This clustering of F sequences was similar to that observed using the rapid parallelized ML method (Fig. 1). Of particular note, 79% (41 out of 52) of the Romanian F1 sequences were part of the highly supported monophyletic cluster (Cluster I) with a posterior probability of 1. The cluster included three non-Romanian sequences from Austria, Germany, and United States. Interestingly, all the sequences within the monophyletic cluster were from children, whereas the sequence at the base of the cluster was from an adult patient (labeled “a†” in Fig. 2). Furthermore, the ancestral node of the monophyletic cluster and the adult sequence at the base of the cluster were highly supported with a posterior probability of 0.99. The adult sequence was part of a group of nine sequences, eight of which were from Romania and one from France. Of the eight Romanian sequences, five were from adults.

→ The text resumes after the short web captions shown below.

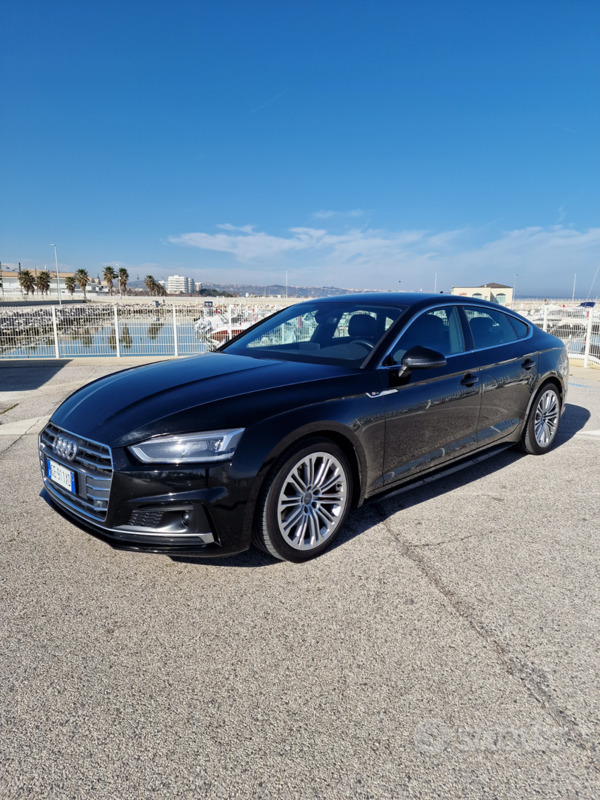 Usato 2017 Audi A5 Sportback Diesel (26.850 €)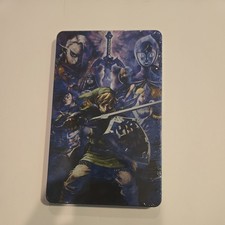 Nintendo Switch The Legend of Zelda Skyward Sword HD STEELBOOK ONLY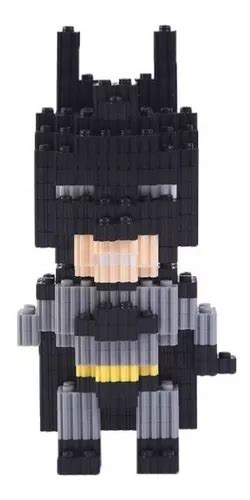 Mini Bloques Tipo Lego Batman Figura D Armable Cuotas Sin Inter S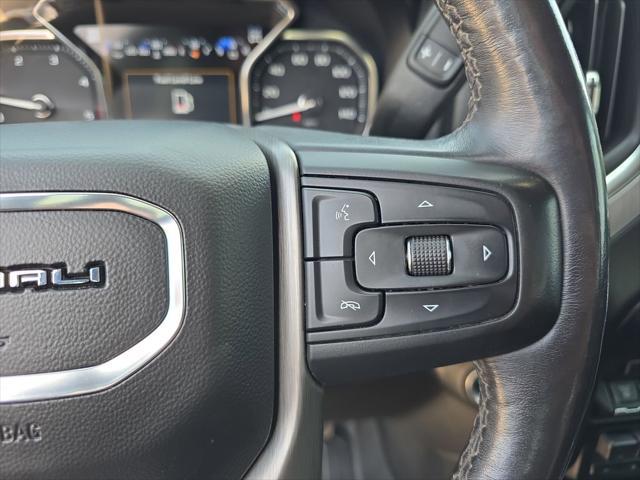 2022 GMC Sierra 3500HD 4WD Crew Cab Long Bed Denali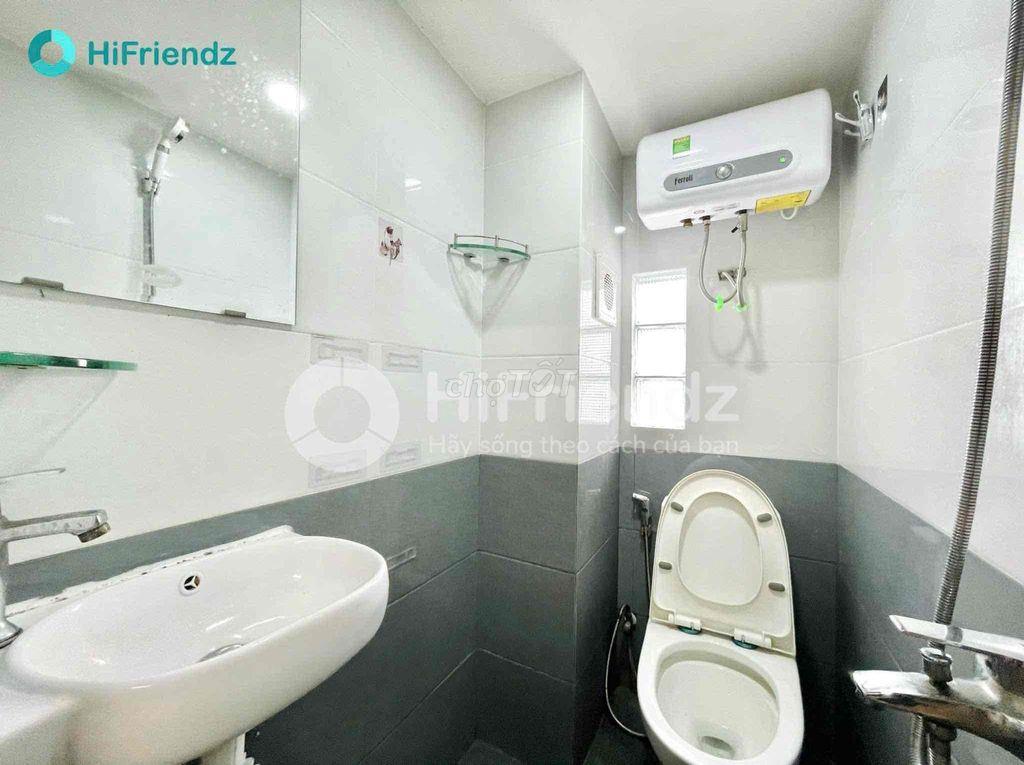 ĐI BỘ RA AEON TÂN PHÚ - FULL NT - BẢO VỆ, THANG MÁY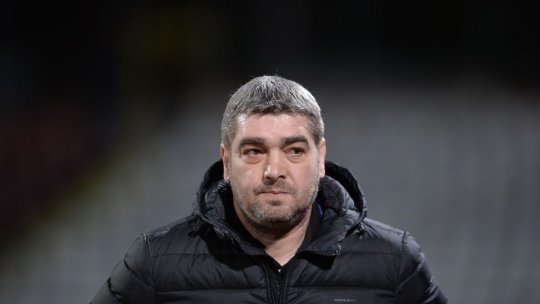 Liviu Ciobotariu a rupt tăcerea după ce s-a despărțit de Sepsi: ”A sosit momentul”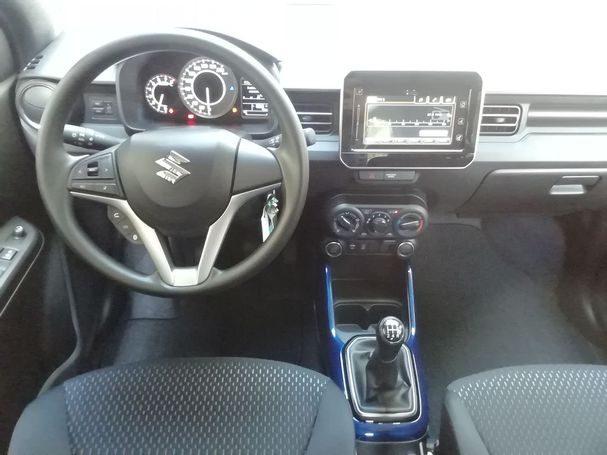 Suzuki Ignis Dualjet 61 kW image number 6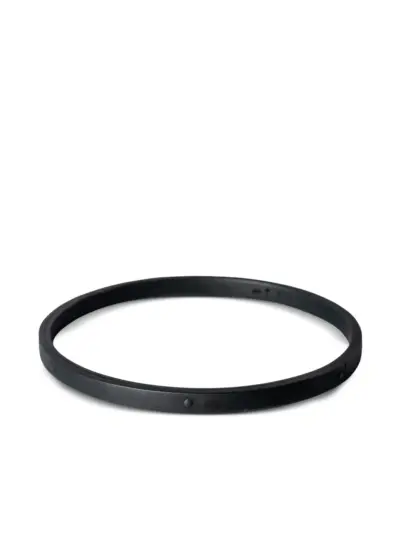 Parts of Four Sistema bangle bracelet - Black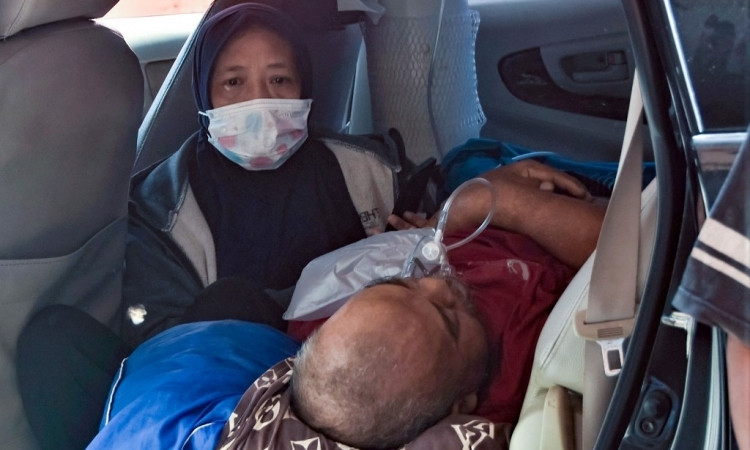 Indonesia tăng kỷ lục hơn 21.000 ca nhiễm Covid-19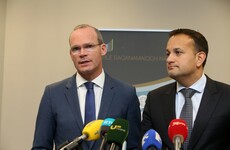 Poll shows Coveney the favourite over Varadkar among Fine Gael voters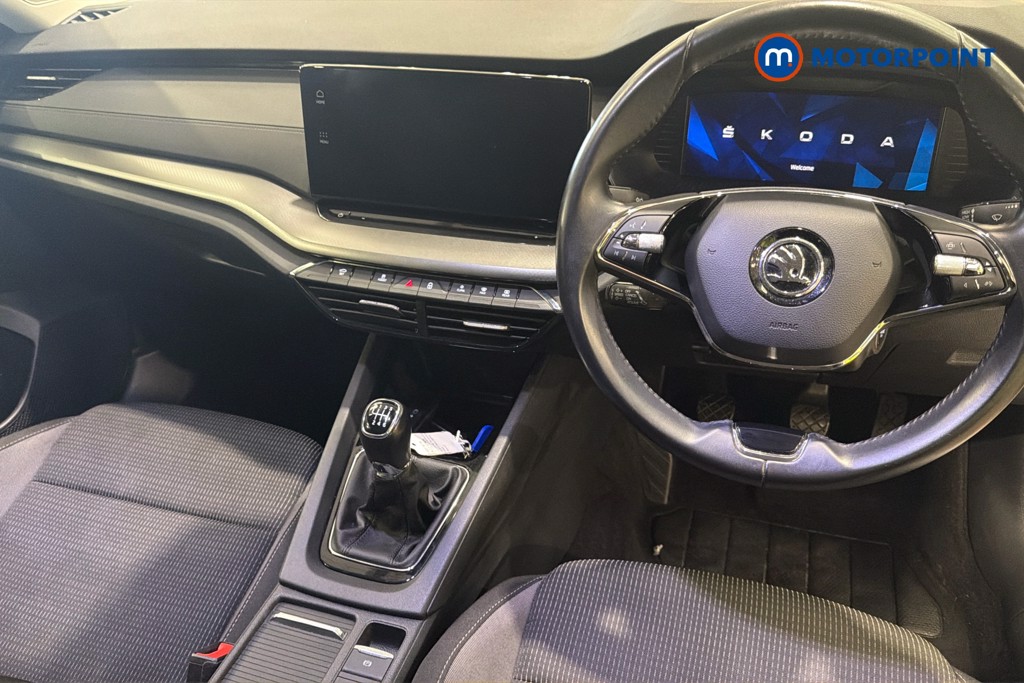 Skoda Octavia Se Technology Manual Diesel Estate - Stock Number (1651619) - 1st supplementary image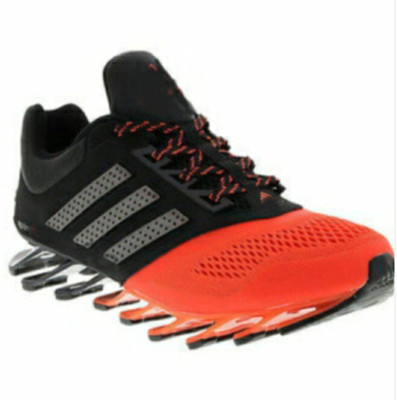 

Royal Spring blade Sneakers For Men(Multicolor, Orange black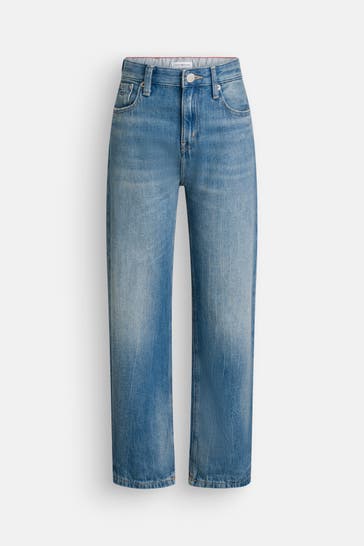 TOMMY HILFIGER Jeans blau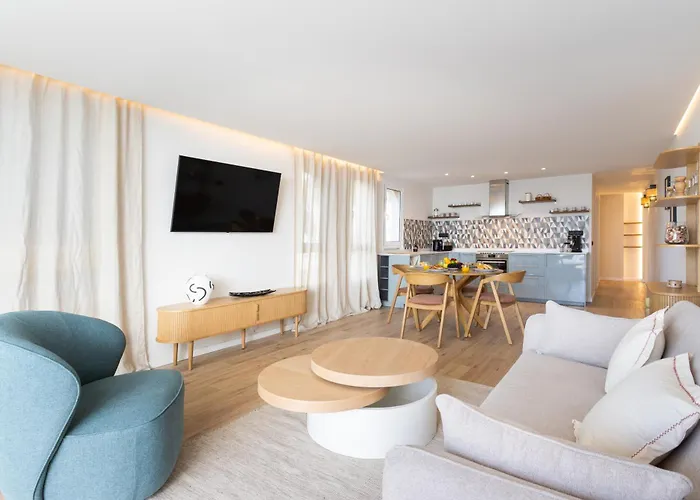 Appartement Victoria *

This phylogenetic analysis suggests that a major bottleneck event might have occurred resulting in the establishment of the Romanian monophyletic cluster from one or a few closely related lineages. Data on the route of transmission were available for the samples within the EuroCoord-CHAIN study as well as some of the samples downloaded from the Los Alamos HIV sequence database.
When this information was mapped on the monophyletic cluster it showed that the route of transmission was parenteral for 37 out of 41 of the Romanian sequences in Cluster I. The routes of transmission for the remaining Romanian sequences in Cluster I were blood transfusion (1/41), perinatal (1/41), heterosexual contact (1/41), and unknown (1/41). In contrast, only two out of the remaining 13 Romanian sequences were transmitted parenterally and both sequences came from children. The remaining sequences from children in this group were acquired perinatally (2/5) or through an unknown route (1/5). In contrast, two of the adult sequences in the group were acquired sexually, whereas the remaining sequences had unknown routes of transmission. Taken together these data indicate that sequences in Cluster I represent the Romanian F1 parenteral epidemic in children and that the founder of Cluster I was probably a lineage introduced into the adult population in Romania and/or Europe at an earlier time.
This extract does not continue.